Metal–insulator–metal (MIM) capacitors have garnered significant interest in radio frequency (RF) and analog mixed-signal integrated circuit (IC) applications owing to their low electrode resistance, low parasitic capacitance, high charge mobility, and excellent energy storage capabilities [1,2,3,4,5,6,7]. They have been widely utilized as compact energy storage elements in various configurations, including analog ICs, RF circuits, high-power microprocessor units (MPUs), and DRAM applications [8,9,10,11,12]. As RF devices operate at increasingly higher frequencies, achieving a high capacitance per unit area becomes critical for minimizing chip area and enhancing circuit performance [13,14,15].

To meet these demands, careful optimization of design parameters including electrode materials, insulator selection, dielectric thickness, and deposition methods is essential [16,17]. Among these factors, the dielectric material plays a pivotal role, directly impacting capacitance density (CD), leakage current density (LCD), and device reliability [18,19,20,21]. In particular, precise evaluation of current–voltage (I–V) characteristics is indispensable for understanding intrinsic dielectric behavior and ensuring long-term reliability under practical bias conditions. The capacitance density is theoretically determined by the dielectric constant k and insulator thickness d as expressed by Equation (1) [1,22]:

$$\mathrm{C}={\displaystyle \frac{\mathrm{k}{\mathsf{\epsilon }}_0\mathrm{A}}{\mathrm{d}}}\to {\displaystyle \frac{\mathrm{C}}{\mathrm{A}}}={\displaystyle \frac{\mathrm{k}{\mathsf{\epsilon }}_0}{\mathrm{d}}}$$

(1)

where C is the capacitance (F); ε₀ is the permittivity of vacuum (8.854 × 10⁻¹²/m); and A is the electrode area. Although decreasing the insulator thickness can effectively increase CD, previous studies have reported that the relative permittivity (k) tends to decrease as thickness is reduced, especially in high-k materials [16,23,24,25]. Therefore, achieving high capacitance density while maintaining dielectric strength at a reduced thickness remains a significant challenge.
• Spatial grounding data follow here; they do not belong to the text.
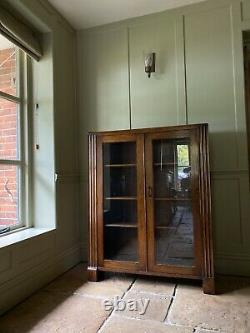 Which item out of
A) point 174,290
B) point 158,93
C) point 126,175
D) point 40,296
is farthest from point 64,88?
point 174,290

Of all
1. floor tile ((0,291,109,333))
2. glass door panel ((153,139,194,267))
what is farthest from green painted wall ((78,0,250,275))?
floor tile ((0,291,109,333))

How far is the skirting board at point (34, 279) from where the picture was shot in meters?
2.02

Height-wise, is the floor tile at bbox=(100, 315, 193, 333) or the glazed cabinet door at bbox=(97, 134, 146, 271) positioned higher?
the glazed cabinet door at bbox=(97, 134, 146, 271)

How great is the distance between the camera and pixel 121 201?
259cm

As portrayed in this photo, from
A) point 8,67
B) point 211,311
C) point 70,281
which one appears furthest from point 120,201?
point 8,67

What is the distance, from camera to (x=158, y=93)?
9.37 ft

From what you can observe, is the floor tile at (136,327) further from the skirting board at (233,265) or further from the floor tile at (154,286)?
the skirting board at (233,265)

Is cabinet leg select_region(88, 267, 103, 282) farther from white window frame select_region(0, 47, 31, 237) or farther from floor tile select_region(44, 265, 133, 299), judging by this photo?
white window frame select_region(0, 47, 31, 237)

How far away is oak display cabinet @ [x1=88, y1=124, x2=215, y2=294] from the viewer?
7.48 feet

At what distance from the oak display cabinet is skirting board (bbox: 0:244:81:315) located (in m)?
0.38

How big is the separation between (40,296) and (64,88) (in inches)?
81.1

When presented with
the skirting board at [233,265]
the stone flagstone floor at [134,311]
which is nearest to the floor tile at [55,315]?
the stone flagstone floor at [134,311]

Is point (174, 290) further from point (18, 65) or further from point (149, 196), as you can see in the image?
point (18, 65)

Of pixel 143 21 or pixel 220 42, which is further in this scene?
pixel 143 21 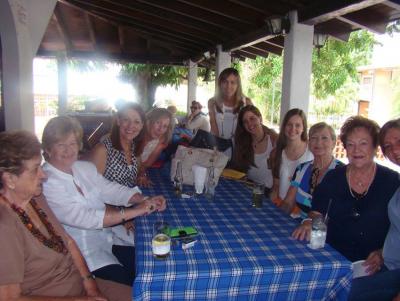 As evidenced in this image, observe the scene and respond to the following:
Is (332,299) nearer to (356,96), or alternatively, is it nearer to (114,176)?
(114,176)

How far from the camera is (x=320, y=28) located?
169 inches

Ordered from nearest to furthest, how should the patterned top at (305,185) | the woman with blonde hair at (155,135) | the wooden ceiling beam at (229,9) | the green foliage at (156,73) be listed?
1. the patterned top at (305,185)
2. the woman with blonde hair at (155,135)
3. the wooden ceiling beam at (229,9)
4. the green foliage at (156,73)

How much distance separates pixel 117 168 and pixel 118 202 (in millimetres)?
319

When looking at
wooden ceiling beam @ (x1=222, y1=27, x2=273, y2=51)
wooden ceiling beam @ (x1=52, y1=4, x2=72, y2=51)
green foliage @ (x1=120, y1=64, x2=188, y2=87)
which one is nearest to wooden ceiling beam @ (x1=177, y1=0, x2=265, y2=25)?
wooden ceiling beam @ (x1=222, y1=27, x2=273, y2=51)

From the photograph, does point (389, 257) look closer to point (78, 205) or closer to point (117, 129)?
point (78, 205)

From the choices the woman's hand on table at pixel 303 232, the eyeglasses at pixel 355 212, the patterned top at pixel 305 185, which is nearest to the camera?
the woman's hand on table at pixel 303 232

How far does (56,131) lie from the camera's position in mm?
1957

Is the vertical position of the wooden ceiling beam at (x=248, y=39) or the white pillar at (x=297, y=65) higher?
the wooden ceiling beam at (x=248, y=39)

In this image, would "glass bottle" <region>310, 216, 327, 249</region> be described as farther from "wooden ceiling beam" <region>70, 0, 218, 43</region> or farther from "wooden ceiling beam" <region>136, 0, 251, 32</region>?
"wooden ceiling beam" <region>70, 0, 218, 43</region>

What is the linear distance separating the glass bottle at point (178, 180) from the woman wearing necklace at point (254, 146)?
796 mm

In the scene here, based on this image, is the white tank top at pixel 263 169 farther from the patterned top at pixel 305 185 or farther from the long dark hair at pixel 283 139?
the patterned top at pixel 305 185

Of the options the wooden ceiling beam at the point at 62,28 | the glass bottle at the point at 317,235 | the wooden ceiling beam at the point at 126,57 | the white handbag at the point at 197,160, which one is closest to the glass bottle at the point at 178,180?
the white handbag at the point at 197,160

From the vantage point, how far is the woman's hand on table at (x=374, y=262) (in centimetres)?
194

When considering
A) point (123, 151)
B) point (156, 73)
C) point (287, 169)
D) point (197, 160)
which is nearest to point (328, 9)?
point (287, 169) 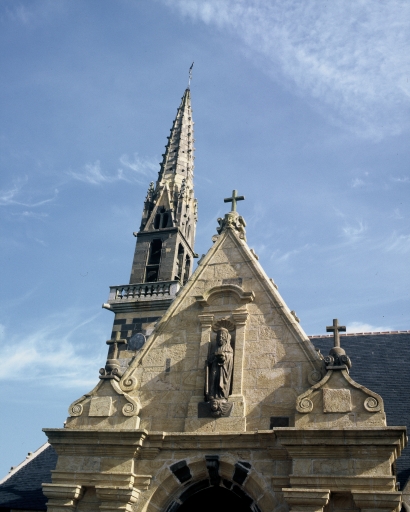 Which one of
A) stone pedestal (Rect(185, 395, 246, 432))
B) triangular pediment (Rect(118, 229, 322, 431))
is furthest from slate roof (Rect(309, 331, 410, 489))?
stone pedestal (Rect(185, 395, 246, 432))

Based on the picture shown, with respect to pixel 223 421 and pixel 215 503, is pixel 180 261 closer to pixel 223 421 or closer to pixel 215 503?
pixel 215 503

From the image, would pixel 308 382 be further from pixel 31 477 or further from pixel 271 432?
pixel 31 477

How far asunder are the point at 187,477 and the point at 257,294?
334 centimetres

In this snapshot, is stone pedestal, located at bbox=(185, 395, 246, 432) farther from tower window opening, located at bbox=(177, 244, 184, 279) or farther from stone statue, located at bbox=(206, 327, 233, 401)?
tower window opening, located at bbox=(177, 244, 184, 279)

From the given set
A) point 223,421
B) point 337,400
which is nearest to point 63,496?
point 223,421

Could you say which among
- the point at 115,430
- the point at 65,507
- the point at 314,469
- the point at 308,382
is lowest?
the point at 65,507

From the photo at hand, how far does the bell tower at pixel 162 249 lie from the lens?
2233cm

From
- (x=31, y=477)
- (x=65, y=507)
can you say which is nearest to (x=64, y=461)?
(x=65, y=507)

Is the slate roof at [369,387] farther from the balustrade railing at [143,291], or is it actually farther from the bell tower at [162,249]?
the balustrade railing at [143,291]

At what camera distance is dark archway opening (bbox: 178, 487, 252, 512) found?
9773 mm

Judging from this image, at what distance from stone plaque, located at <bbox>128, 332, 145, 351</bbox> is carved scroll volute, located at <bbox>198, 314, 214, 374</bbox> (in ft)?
34.8

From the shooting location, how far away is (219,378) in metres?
9.73

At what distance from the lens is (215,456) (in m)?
9.17

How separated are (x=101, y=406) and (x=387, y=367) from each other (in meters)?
7.64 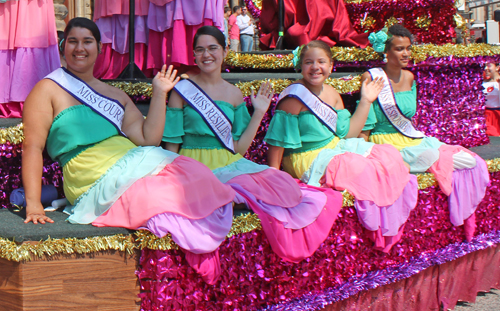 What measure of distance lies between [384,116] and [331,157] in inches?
33.8

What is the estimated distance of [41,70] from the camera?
336 centimetres

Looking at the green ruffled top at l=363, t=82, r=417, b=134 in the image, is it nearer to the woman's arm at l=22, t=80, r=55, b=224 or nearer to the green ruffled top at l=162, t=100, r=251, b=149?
the green ruffled top at l=162, t=100, r=251, b=149

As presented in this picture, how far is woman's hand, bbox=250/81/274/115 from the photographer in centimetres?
312

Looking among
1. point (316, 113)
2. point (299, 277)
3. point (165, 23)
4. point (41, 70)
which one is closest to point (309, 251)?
point (299, 277)

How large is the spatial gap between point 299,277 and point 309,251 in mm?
160

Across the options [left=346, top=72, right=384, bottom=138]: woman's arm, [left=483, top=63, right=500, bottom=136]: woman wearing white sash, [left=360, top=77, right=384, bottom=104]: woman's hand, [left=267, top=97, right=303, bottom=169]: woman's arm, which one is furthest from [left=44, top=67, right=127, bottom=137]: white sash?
[left=483, top=63, right=500, bottom=136]: woman wearing white sash

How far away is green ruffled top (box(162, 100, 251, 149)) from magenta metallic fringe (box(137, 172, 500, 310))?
0.64 m

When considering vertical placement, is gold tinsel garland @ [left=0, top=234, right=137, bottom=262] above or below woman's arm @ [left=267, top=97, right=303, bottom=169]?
below

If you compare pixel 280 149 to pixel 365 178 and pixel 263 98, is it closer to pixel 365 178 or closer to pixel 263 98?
pixel 263 98

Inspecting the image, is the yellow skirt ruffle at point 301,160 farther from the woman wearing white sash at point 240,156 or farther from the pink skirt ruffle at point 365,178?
the woman wearing white sash at point 240,156

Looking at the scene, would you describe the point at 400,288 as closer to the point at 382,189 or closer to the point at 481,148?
the point at 382,189

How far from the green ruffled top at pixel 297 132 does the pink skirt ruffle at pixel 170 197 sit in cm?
87

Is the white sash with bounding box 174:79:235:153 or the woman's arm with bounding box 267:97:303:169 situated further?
the woman's arm with bounding box 267:97:303:169

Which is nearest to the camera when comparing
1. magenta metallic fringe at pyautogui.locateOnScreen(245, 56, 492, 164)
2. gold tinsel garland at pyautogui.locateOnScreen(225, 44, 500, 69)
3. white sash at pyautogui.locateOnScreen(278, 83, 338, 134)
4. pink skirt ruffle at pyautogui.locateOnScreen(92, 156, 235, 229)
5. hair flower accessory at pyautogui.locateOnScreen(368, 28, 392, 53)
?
pink skirt ruffle at pyautogui.locateOnScreen(92, 156, 235, 229) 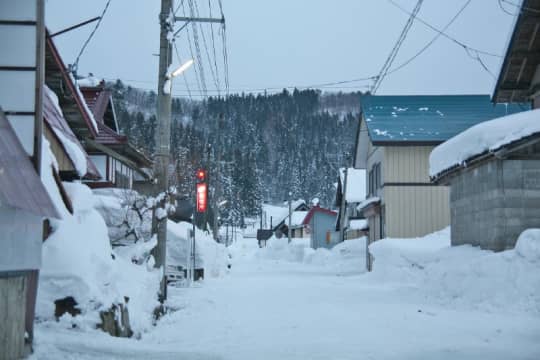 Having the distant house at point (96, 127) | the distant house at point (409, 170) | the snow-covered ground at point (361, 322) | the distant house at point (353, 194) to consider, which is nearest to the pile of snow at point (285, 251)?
the distant house at point (353, 194)

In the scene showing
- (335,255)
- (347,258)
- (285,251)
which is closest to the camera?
(347,258)

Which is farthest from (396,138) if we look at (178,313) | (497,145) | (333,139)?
(333,139)

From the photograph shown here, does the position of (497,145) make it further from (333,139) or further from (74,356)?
(333,139)

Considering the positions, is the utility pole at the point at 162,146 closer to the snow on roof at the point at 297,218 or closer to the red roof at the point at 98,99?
the red roof at the point at 98,99

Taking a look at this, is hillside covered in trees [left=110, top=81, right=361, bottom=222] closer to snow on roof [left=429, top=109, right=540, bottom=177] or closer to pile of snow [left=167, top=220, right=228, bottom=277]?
pile of snow [left=167, top=220, right=228, bottom=277]

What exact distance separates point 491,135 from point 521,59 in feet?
11.6

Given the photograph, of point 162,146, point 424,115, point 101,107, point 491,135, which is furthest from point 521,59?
point 101,107

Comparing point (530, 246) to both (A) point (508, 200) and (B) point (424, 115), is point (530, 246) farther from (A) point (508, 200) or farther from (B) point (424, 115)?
(B) point (424, 115)

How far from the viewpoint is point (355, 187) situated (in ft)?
156

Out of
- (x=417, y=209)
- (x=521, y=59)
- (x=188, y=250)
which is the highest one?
(x=521, y=59)

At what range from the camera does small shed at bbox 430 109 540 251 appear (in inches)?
512

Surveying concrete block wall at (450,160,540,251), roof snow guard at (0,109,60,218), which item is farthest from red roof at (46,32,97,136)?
concrete block wall at (450,160,540,251)

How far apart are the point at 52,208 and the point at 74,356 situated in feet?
5.92

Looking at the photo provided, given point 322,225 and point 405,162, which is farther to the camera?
point 322,225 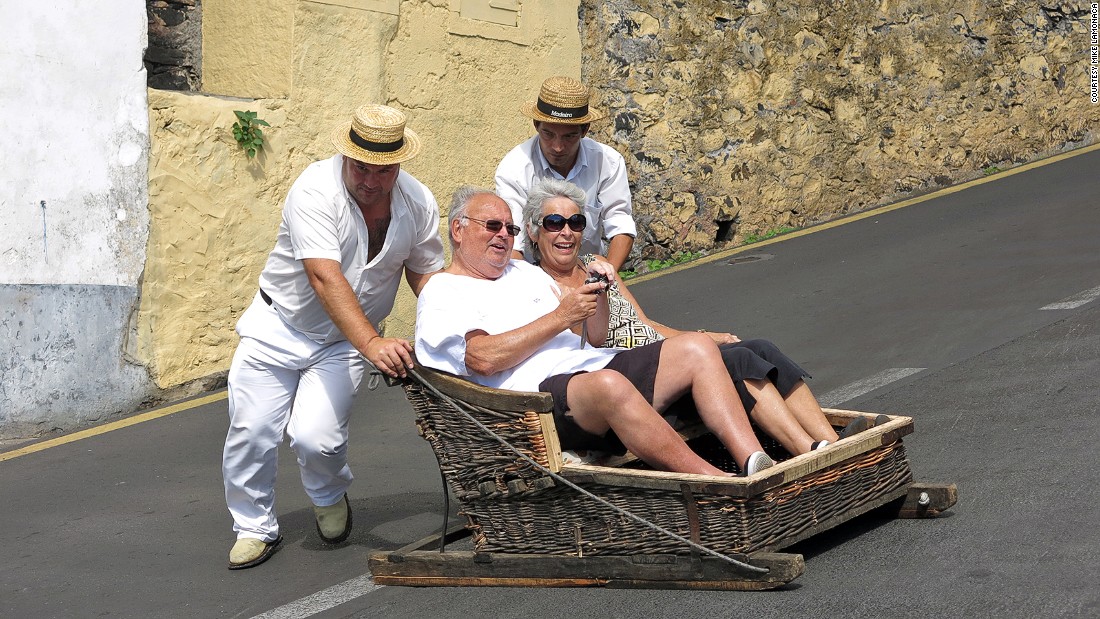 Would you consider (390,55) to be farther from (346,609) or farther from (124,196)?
(346,609)

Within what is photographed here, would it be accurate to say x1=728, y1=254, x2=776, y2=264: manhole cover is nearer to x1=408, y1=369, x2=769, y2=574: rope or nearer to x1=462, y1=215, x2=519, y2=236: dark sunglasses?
x1=462, y1=215, x2=519, y2=236: dark sunglasses

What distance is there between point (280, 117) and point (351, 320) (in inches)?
184

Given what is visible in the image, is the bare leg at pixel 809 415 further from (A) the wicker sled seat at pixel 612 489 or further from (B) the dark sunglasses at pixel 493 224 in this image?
(B) the dark sunglasses at pixel 493 224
The use of high-k materials can partially mitigate this issue [24,26,27]; however, their implementation demands significant investment in fabrication facilities. In contrast, optimizing the deposition conditions of medium-k materials such as Si_xN_y (k ≈ 7) provides a cost-effective and CMOS–compatible strategy to enhance capacitance without extensive process changes [28,29].

In our previous study, we focused on evaluating the capacitance–voltage (C–V) characteristics of Si_xN_y–based MIM capacitors, particularly examining the impact of silane surface treatment and dielectric thickness variation on capacitance uniformity and voltage/temperature coefficient behaviors [30]. While that work provided insights into dielectric uniformity and capacitance stability, systematic evaluation of leakage current behavior and dielectric breakdown mechanisms as a function of deposition conditions remained unexplored.

Building upon our previous findings, the present study extends the investigation to the I–V characteristics of Si_xN_y films, with a particular focus on optimizing leakage current suppression and breakdown voltage enhancement through deposition condition control.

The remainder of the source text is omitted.